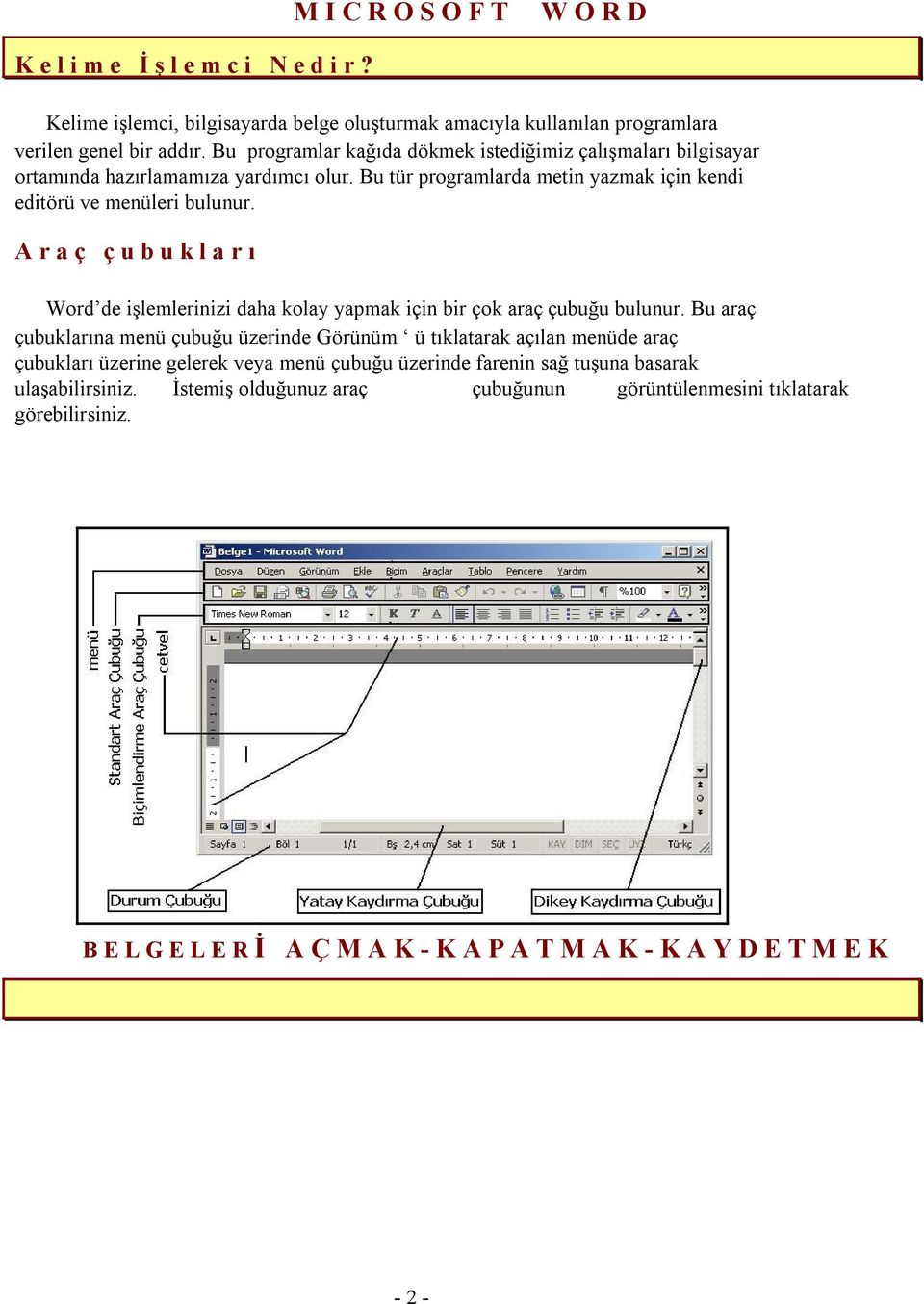 yardımcı olur Bu tür programlarda metin yazmak için kendi editörü ve menüleri bulunur A r a ç ç u b u k l a r ı Word de işlemlerinizi daha kolay yapmak için bir çok araç çubuğu bulunur Bu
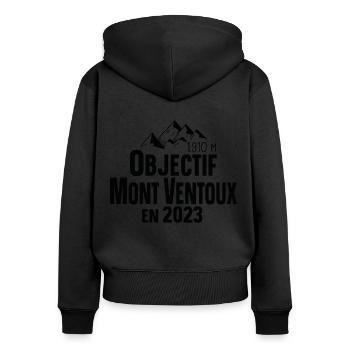 Mont Ventoux 2023 Cycliste Montagne Randonnée - Sweat à capuche zippé Premium bio Femme - noir - Dos - Julia (174cm)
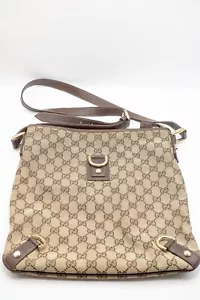 GUCCI Shoulder Bag GG Canvas Leather Brown Crossbody Auth from JAPAN - Picture 1 of 17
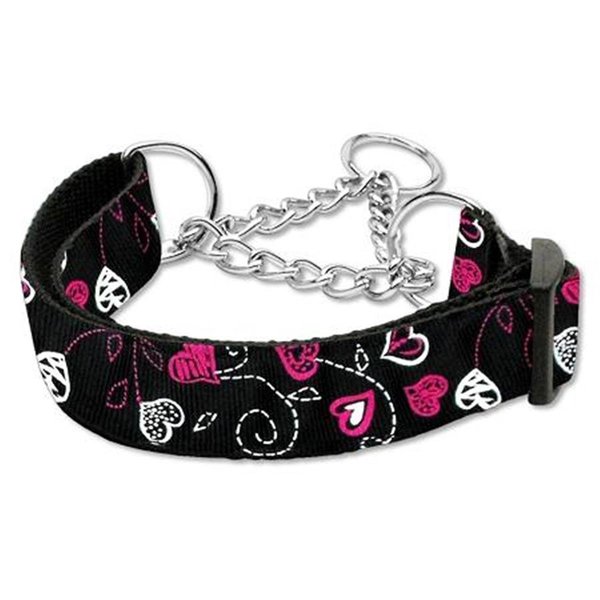 Unconditional Love Crazy Hearts Nylon Collars Martingale Black Large UN805065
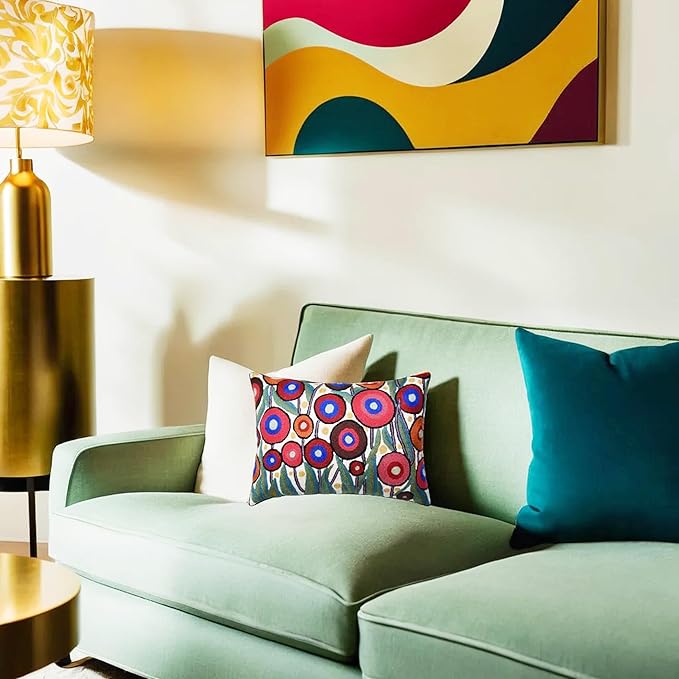 Cream Lumbar Poppy Floral Pillow Cover Red Poppies Flower Pillows White Farmhouse Chair Cushion Floral Cream Hand Embroidered Size 14x20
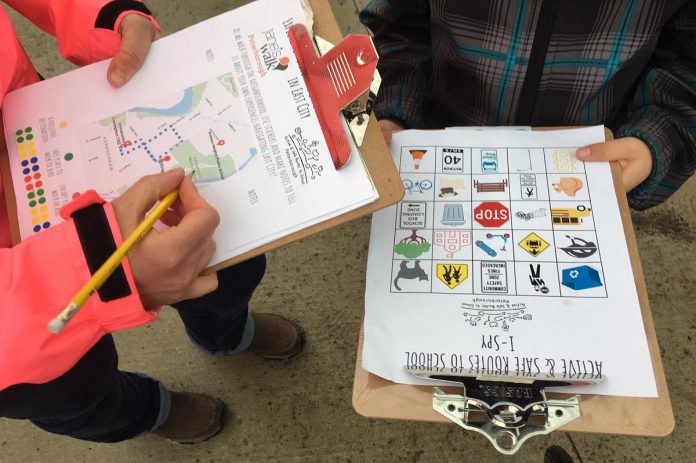 Participatory data collection and knowledge mobilization can be fun and age appropriate, as is the case with these bingo games GreenUP has used in past Active School Travel projects. (Photo: Natalie Stephenson) 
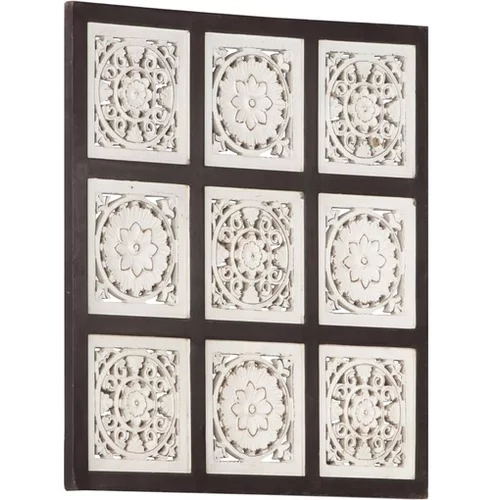  Ročno izrezljani stenski panel MDF 60x60x1,5 cm rjav in bel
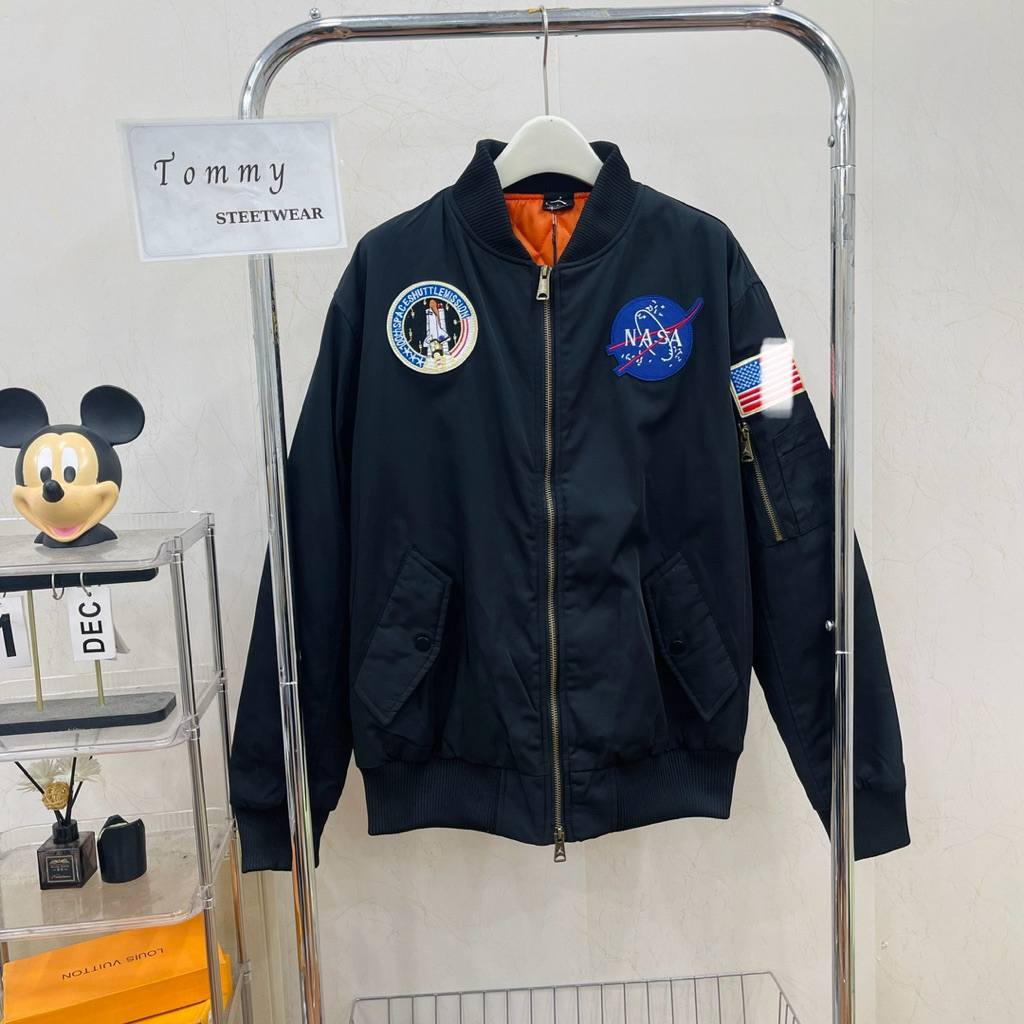 [HIGH QUALITY] - Bomber Jacket J0rd@n N@s@ Black Rocket Pattern Orange Lining Hottrend - สินค้าคุณภา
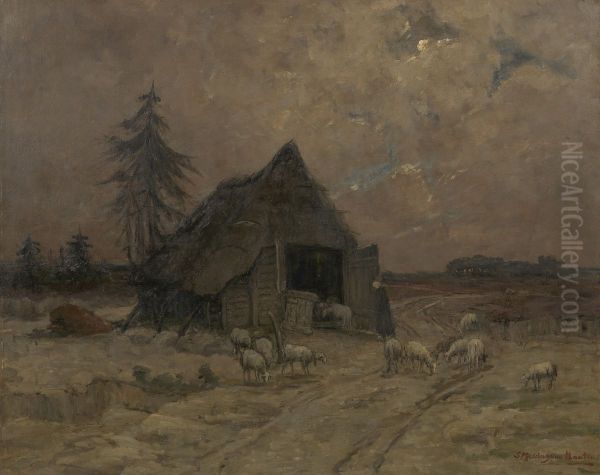 Op de Veluwe, de heide van Bennekom Oil Painting by Sina Mesdag-van Houten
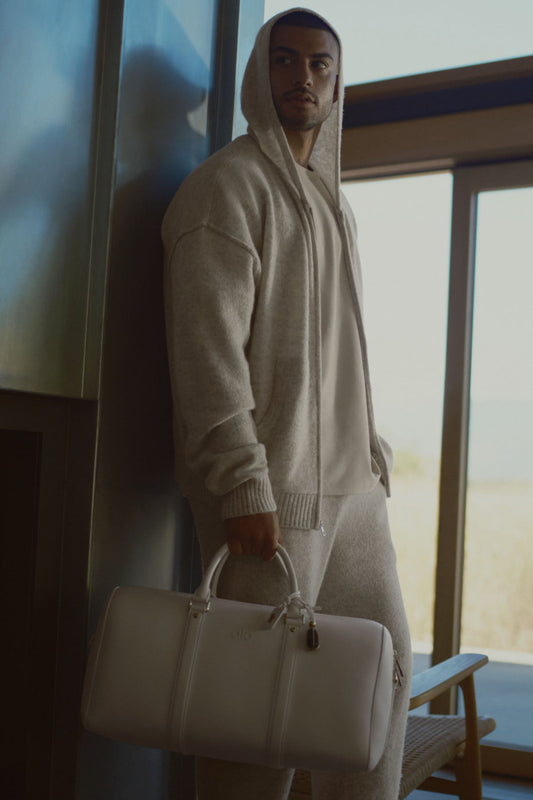 Wool Cashmere New Class Full Zip Hoodie - Oatmeal Heather (MENSU3046R)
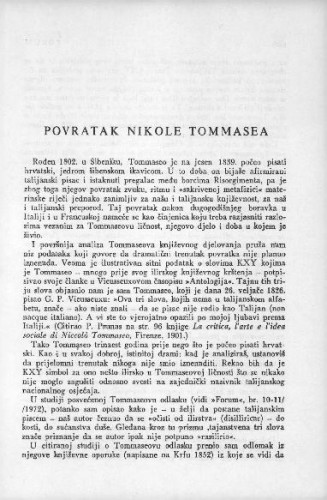 Povratak Nikole Tommasea / I. Katušić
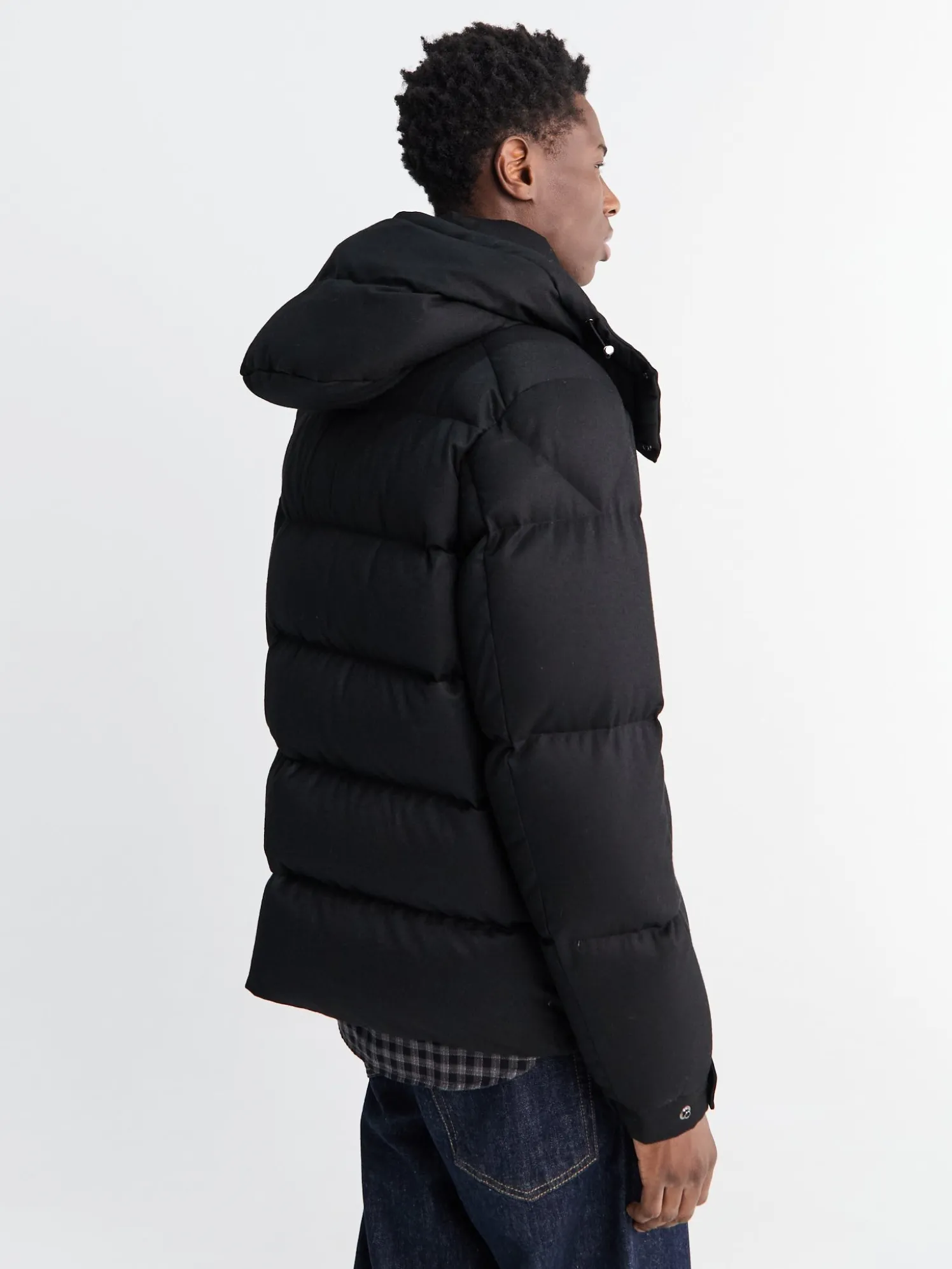 Maya 70 Hooded Wool Flannel Short Down Jacket i Sort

************

AIM OF THE EXERCISE
Beginning with the line in which "Povratak Nikole Tommasea / I. Katušić" appears, repeat exactly each line down to the close of the material, leaving every picture out.

EXPECTED OUTPUT
 Povratak Nikole Tommasea / I. Katušić
 Maya 70 Hooded Wool Flannel Short Down Jacket i Sort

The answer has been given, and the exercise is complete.